Many Orson Scott Card fans share the opinion that Card's "use of the family unit throughout his writing keeps his works interesting, thought-provoking and real." (Maciejewski) Several of Card's novels and short stories show the daily life of normal families and the everyday trials they undergo. Much of Card's writing also includes Mormon doctrine and history.

Orson Scott Card is best known for his writing in the science fiction/fantasy genre. He was first introduced to science fiction and fantasy when he was a young child exploring at the local library in Santa Clara, California (Biggle 104).

Card has won the Hugo and Nebula awards in 1986 for Ender's Game and in 1987 for its sequel,Speaker for the Dead. To this day he is the only author to win these prestigious awards in two consecutive years. Card has lived in California, Utah, and Arizona. He served a two year mission in Brazil for the Church of Jesus Christ of Latter Day Saints. Card is a very dedicated member of the Mormon church and serves as a Sunday school teacher in his ward. He earned degrees from Brigham Young University and from the University of Utah, and received his master's degree in literature (How 1). He lives with his four children, Geoffrey, Emily, Charles, and Zina, and his wife, Kristine in Greensboro, North Carolina (Turning 303). His first three children are named after Geoffrey Chaucer, Emily Bronte and Charles Dickens (How1).

Card started out as a playwright. He has written hundreds of audio plays and several scripts for animated videoplays for the family market. Card writes a regular review for The Magazine of Fantasy and Science Fiction, and publishes a journal of short-fiction criticism called Short Form. On the side, Card reviews computer games for Compute! Card also wrote the script for the new Hill Comorah Pageant.

His favorite authors include Chaucer and Shakespeare.

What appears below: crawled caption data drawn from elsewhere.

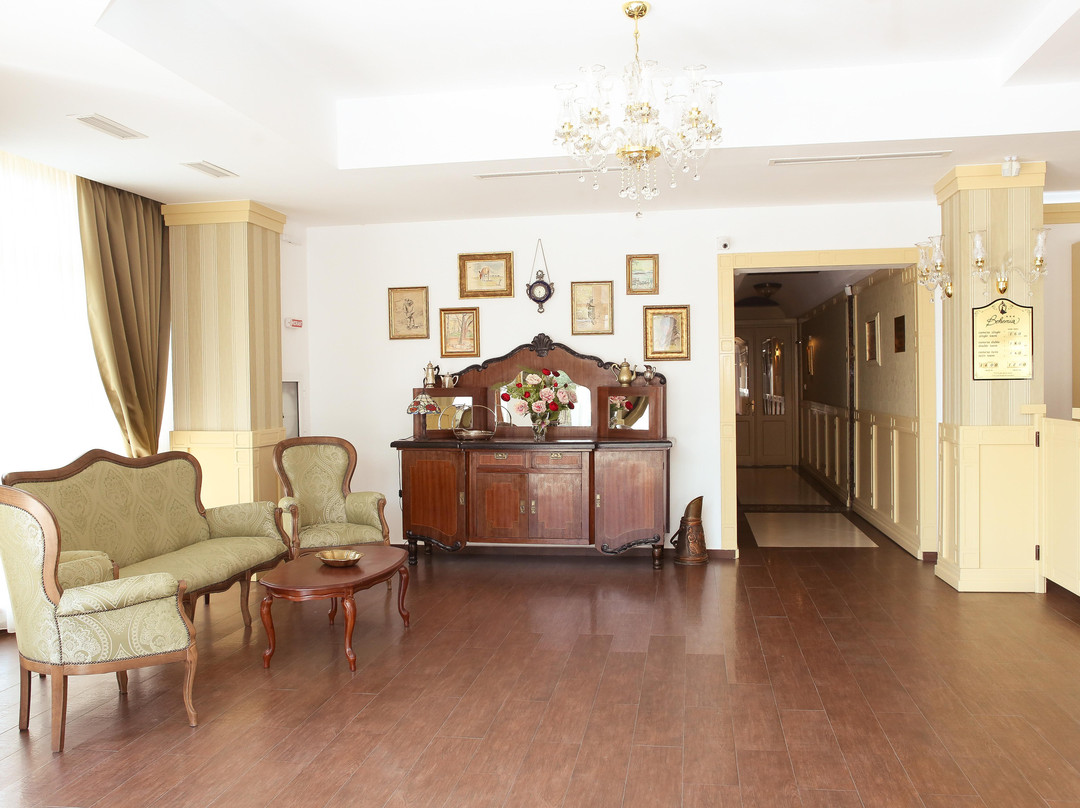 Hotel Bohemia主图
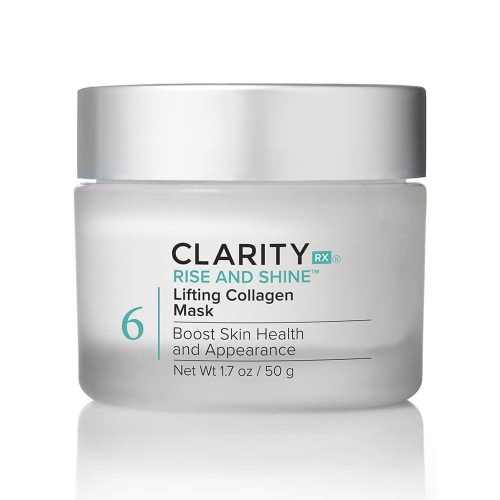 ClarityRx Facial Mask 1.7 fl. oz. ClarityRx Rise and Shine Lifting Collagen Mask - Skin Type Solutions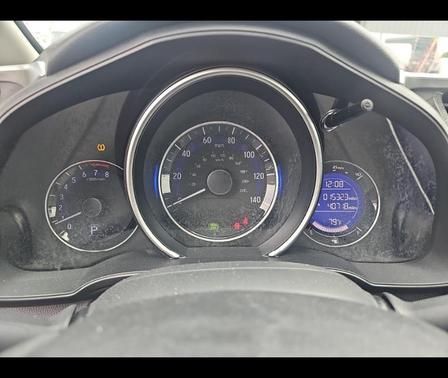 2018 Honda Fit Sport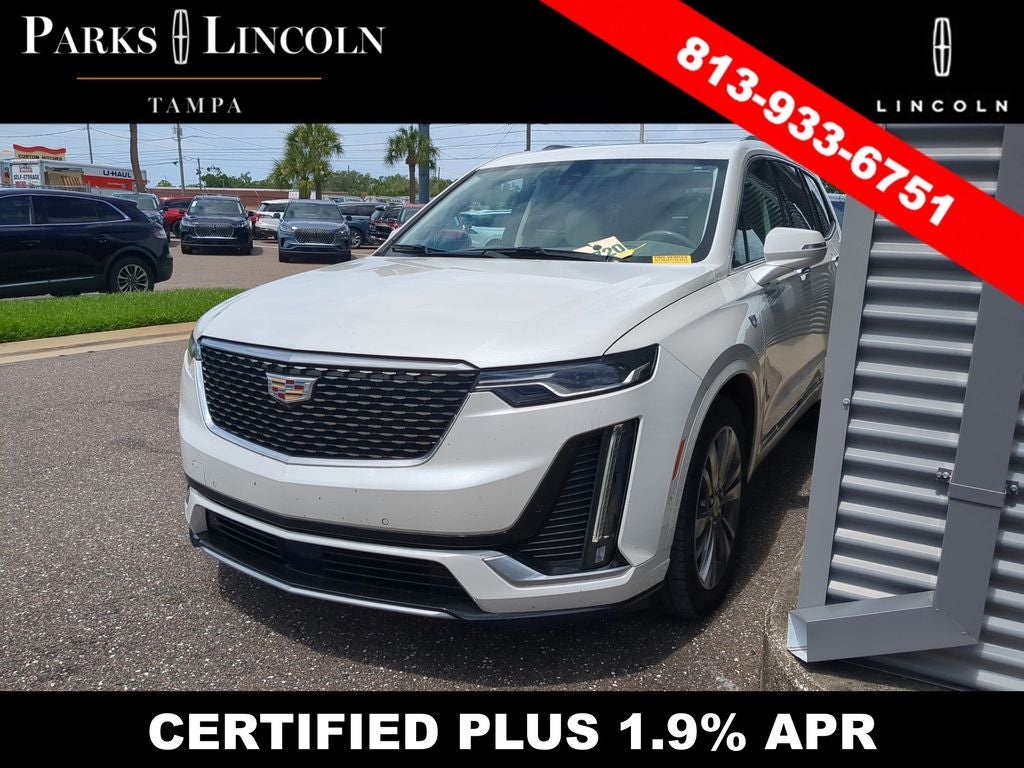 2021 Cadillac XT6 Premium Luxury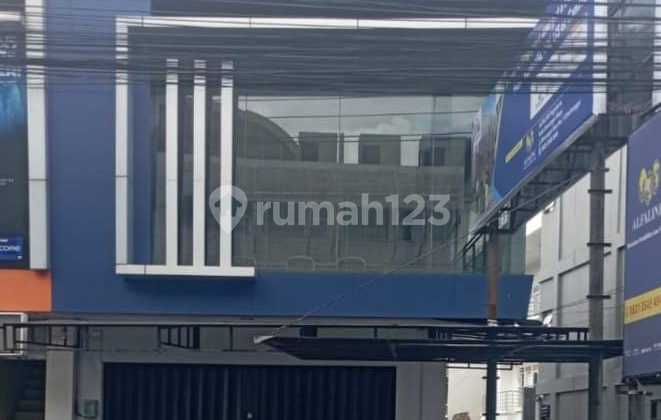 Strategic 2-Story Shophouse in Demangan, Depok, Sleman 2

Card has taught writing courses at Antioch, Clarion, Clarion West, and at the Cape Cod Writers Workshop (How 1).

The majority of Card's writing has an emphasis on Mormonism, whether it is talked about in his story, or whether it is just recognized by Mormon readers; it is there. In Card's Homecoming Saga (The Memory of Earth, The Call of Earth, The Ships of Earth, Earthfall, Earthborn), he tells the story of the Book of Mormon. The main character in the Alvin Maker series is obviously, to any member of the Mormon church, modeled after Joseph Smith. The family in this series (Seventh Son, Red Prophet, Prentice Alvin, Alvin Journeyman) moves away from Vermont because of bad farm land. Joseph Smith's family left Vermont for the same reason(Porschet). In Seventh Son, the main character, Alvin has a leg operation at about the same age Joseph Smith was when he had a similar leg operation. The account of this operation is recorded by Joseph's mother, Lucy Mack Smith (Smith 54). The Alvin Maker series is a combination of American history, Mormon history, and folk magic.

In a personal letter that I received from Orson Scott Card regarding what influenced his writing style, vision, and genre the most, he said:

"...the culture that created me was a mixture of my family, the LDS church... the public culture of America in that era (as expressed through television, radio, news, prevailing public views and issues), and the culture of Santa Clara and Mesa in particular, especially of the educational system in those two cities..."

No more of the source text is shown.